Bei seinen Recherchen war Prager auf einen berühmten Zeugen gestoßen, der Lentas schon vor vielen Jahrzehnten erlebt und beschrieben hatte, den Schriftsteller Nikos Kazantzakis, der mit seinem Roman Alexis Sorbas Weltruhm erlangte. Prager konnte sich erinnern, dass er dessen Verfilmung mit Anthony Quinn und Lila Kedrova Ende der 60er Jahre gesehen hatte.
In die Einsamkeit am Lybischen Meer zog es Kazantzakis 1924. Das war die Zeit, als er in Begeisterung für die Ideen der kommunistischen Revolution in Russland schwelgte und auch eine neue Gesellschaft in Griechenland und auf Kreta schaffen wollte. Es war aber auch die Zeit, als er begonnen hatte, sein Versepos Odyssee zu schreiben. Er bat seine Freundin Eleni nach Kreta zu kommen und mit ihm nach Lentas zu reisen. Eleni kam, wie Prager gelesen hatte, zu ihrem Geliebten, beschrieb den Ort später aber als wenig einladend. Ein halbmondförmiger Strand, von zwei Seiten durch steil abstürzende Felsen eingeschlossen. Ein einziges Dach: ein Speicher, mit Krügen und Getreide gefüllt.
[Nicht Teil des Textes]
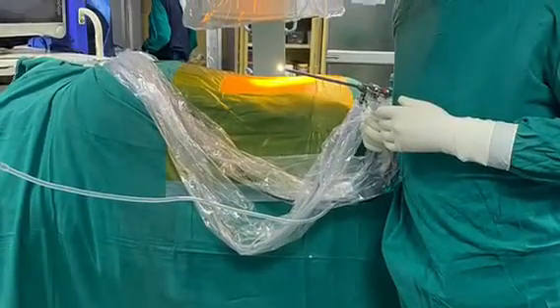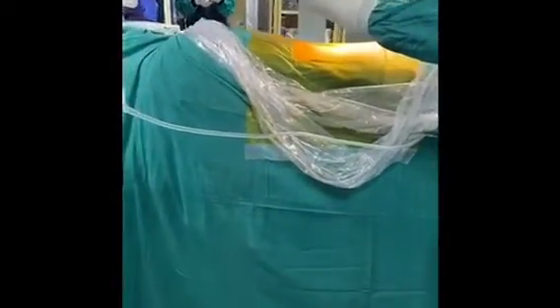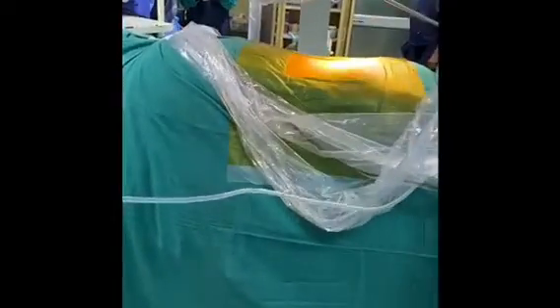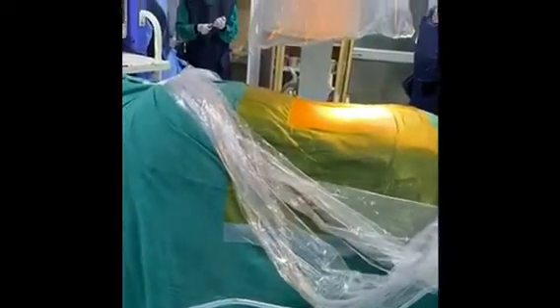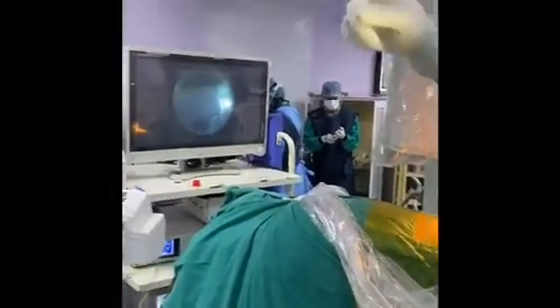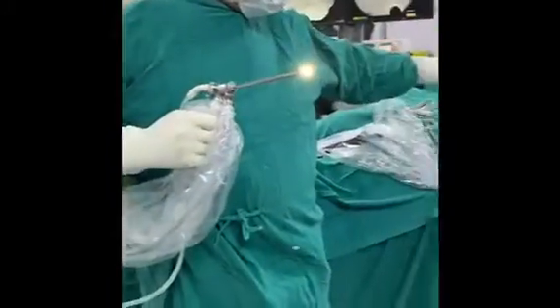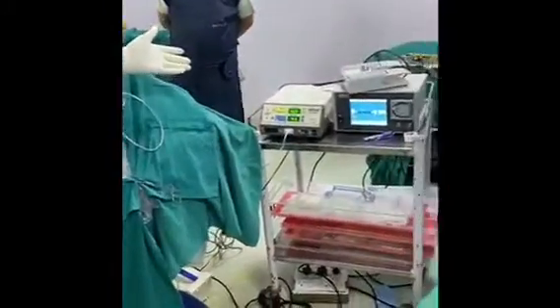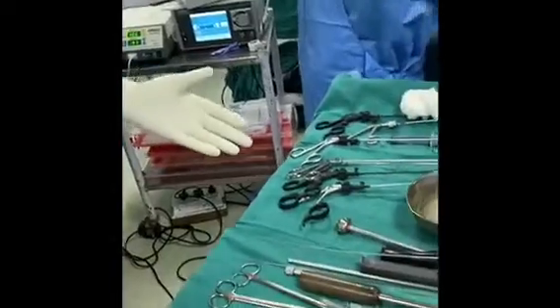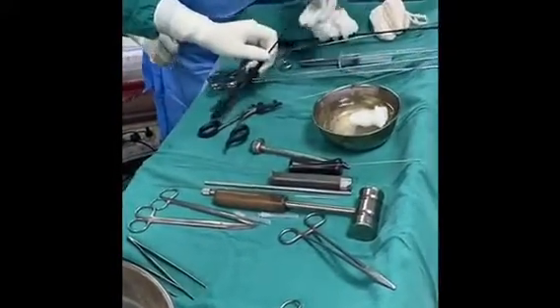We have decided to do the most minimally invasive procedure in the world, which is the endoscopic discectomy. We are the pioneers in this and started it way back in the year 2000, and have done thousands of cases so far. The procedure is done under local anesthesia, so the complications of general anesthesia are also prevented. We do it under C-arm control, using a coterie, a pump, and various other instruments.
Ein einziger Bewohner: ein halb tauber und blinder Greis. [...] Weder Tisch noch Bett, keine Wäsche, nichts, was die Illusion von Behaglichkeit hervorrufen könnte. Ameisen, Fliegen und heller Sand, der rauchte wie geschmolzenes Zinn. Kazantzakis arbeitete in Lentas intensiv an seiner Odyssee , der Rest des Tages war der Lektüre und dem Baden am Strand gewidmet.
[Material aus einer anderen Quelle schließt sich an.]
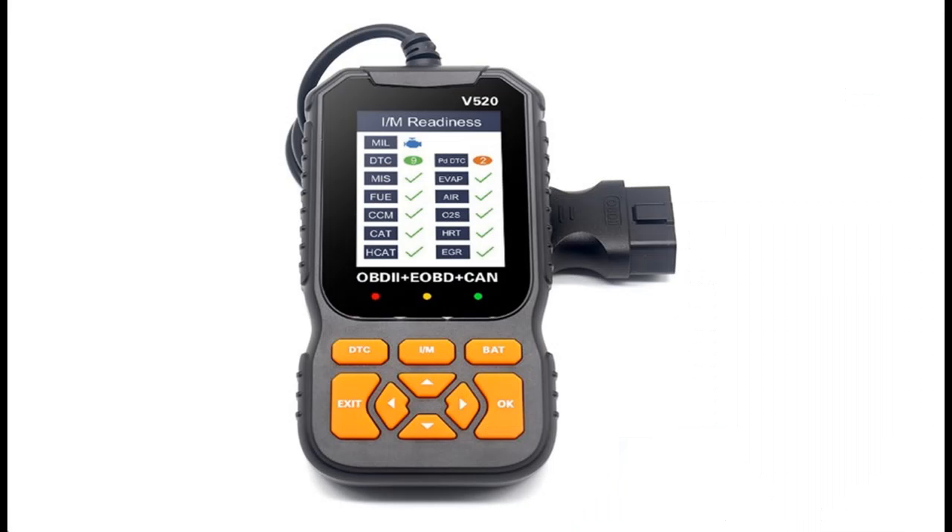We've also introduced left and right navigation buttons, as the previous model had only up and down buttons, making operation even more convenient.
Prager lächelte, ich mache es genauso: Am Morgen widme ich mich dem Studium der römischen Geschichte, den Mittag verbringe ich dösend unter einem schattigen Vordach, am Nachmittag fahre ich zu den Ruinen von Gortyn und den Abend beschließe ich beim Wein im El Greco . Was mir fehlt, ist eine treue Gefährtin, der ich in einer kühlen Grotte, zur Not tut es auch mein Studio, von meiner Verwandlung erzählen kann. Kazantzakis‘ Freundin Eleni hatte notiert: Am Tage lasen wir in einer engen Grotte kauernd, vernünftigerweise Ilias, Goethes Iphigenie auf Tauris, Aischylos und Tschechov.
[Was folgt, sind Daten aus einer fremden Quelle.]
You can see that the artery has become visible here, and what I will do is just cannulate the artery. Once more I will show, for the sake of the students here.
Kazantzakis führte in Lentas das Nacktbaden ein. Heute nichts Ungewöhnliches, erst heute Morgen hatte ihn Frau Speer an diese Möglichkeit der Naturerfahrung erinnert. Für die damalige Zeit wohl ein ungeheurer Vorgang, dachte Prager, eine Rebellion gegen Sitte und Anstand. Ein Mann und eine Frau abends am Strand - existiert Höheres im All? , hatte Kazantzakis geschrieben. Prager zog ein zusammengefaltetes Blatt aus seinem Notizbuch. Er hatte sich noch in Freiburg Auszüge aus Briefen an die „liebe, liebe Genossin“ kopiert. Er hatte sich eine Stelle unterstrichen: Doch wäre es, und ich müsste jetzt plötzlich sterben, so würde vor meine Augen das Meer bei Leda treten, unser Fels, der glühend heiße Kiesel, die flammenden Zitronenbäume, ihr schlanker biegsamer Leib, ihr schmaler und verschlossener Mund. Ach, voll von Wunderbarem ist diese Erde, und unser Herz ist ein nie befriedigtes, furchtbares Mysterium, das die ganze Höllenqual des Lebens in heilige Trunkenheit umwandelt. Erinnern sie sich doch - welch ein Ringen, um Leda in ein Paradies zu verwandeln! Leda, Lentas , man muss nur das Ganze etwas literarisieren, schon ist ein Sinn im Dasein. Und ich sage mir, ich heiße Prager, ich bin ein pensionierter Geschichtslehrer aus Deutschland und gehe hier meinem Hobby, dem Studium der römischen Geschichte auf Kreta nach.